First Los Angeles Philharmonic performance: November 11, 1920, Walter Henry Rothwell conducting.
About this Piece
After a childhood during which his prowess as a pianist was exploited mercilessly by an ambitious father, César Franck (1822-1890) eventually became a thoughtful and serious composer of music of many sorts. The works for which he is justly celebrated, however, date from his later years. Franck’s last decade was an intense one, a creative period during which he produced several major chamber works (including the Violin Sonata, which Pinchas Zukerman and Marc Neikrug will perform during a Celebrity Recital in November), a pair of symphonic poems, and an oratorio.
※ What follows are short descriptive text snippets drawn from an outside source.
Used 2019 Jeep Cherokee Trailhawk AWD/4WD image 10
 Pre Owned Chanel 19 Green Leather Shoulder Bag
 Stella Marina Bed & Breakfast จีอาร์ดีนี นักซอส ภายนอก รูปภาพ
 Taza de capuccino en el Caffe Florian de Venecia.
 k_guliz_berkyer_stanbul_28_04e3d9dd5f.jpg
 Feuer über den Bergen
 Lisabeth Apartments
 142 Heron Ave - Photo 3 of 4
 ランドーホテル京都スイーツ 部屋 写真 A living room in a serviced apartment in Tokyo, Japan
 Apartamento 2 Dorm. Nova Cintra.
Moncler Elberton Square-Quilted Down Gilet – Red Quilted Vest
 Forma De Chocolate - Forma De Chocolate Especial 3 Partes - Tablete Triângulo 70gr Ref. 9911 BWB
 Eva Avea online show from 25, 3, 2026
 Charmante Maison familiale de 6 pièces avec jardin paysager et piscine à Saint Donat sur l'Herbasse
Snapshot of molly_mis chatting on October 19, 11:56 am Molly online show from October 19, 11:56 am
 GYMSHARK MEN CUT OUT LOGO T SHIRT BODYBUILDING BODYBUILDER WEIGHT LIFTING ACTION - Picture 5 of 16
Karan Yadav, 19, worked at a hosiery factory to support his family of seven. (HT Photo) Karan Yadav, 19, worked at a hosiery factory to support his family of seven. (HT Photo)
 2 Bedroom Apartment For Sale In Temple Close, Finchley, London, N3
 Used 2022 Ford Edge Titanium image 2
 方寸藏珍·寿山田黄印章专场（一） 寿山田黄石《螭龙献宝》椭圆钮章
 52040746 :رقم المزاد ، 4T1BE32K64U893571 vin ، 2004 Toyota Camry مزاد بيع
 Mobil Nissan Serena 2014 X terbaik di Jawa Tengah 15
He also began – but did not complete – two operas.
It was perhaps the greatest opera composer of the time, Richard Wagner, whose influence is felt in the atmospheric opening of the Symphony in D minor (Franck’s second work in the form after a now-neglected work from his late teen years). The rich blending of low string sonorities with sustained chords in the winds reveals the composer’s long-standing familiarity with the organ, an instrument which allowed Franck to combine his performance skills with composing. (When Franck’s Six Pièces were published in 1868, Franz Liszt declared them to be worthy of “a place beside the masterpieces of Bach.”) Liszt was an ardent supporter of Wagner, and his musical influence is also echoed in Franck’s Symphony, in the use of recurring melodic materials (a technique which became known as cyclic form). Liszt also inspired Franck to continue the development of the hybrid form (uniting a specific dramatic idea with purely instrumental music) which we know as the symphonic poem.
Without any need for analyzing the D-minor Symphony’s structure or Franck’s composing technique, however, the listener who surrenders to the emotional elements in Franck’s music is drawn into a universe of yearning and questing, of searching and seeking. The opening movement makes its way from the uncertain introduction to an affirmative climax, with the organist-composer pulling out all the stops. In the single middle movement, where most symphonies have a slow movement and a scherzo, Franck blends the two in a complex union of repose and anxiety. The haunting scoring unites the string section and the harp in a pizzicato accompaniment to a plaintive English horn. (Contemporary critics chastised Franck for using this lower-pitched cousin of the oboe in a symphony, and yet Berlioz – and Haydn, too – had done so, years before, without provoking any scandal!) In his description of the triumphant last movement, Franck wrote about his utilization of a technique also employed by Beethoven: “The finale, as in Beethoven’s Ninth Symphony, recalls all the themes. But they do not appear as mere quotations. I make something of them, they become new elements.”
This work has gone in and out of favor over the years. It was a brand-new addition to the repertory of conductor Otto Klemperer when he came to the Los Angeles Philharmonic in 1933, and it has proved attractive to conductors from Toscanini and Furtwängler to Monteux and Bernstein. Clearly, there are depths to be explored and musical messages to be communicated.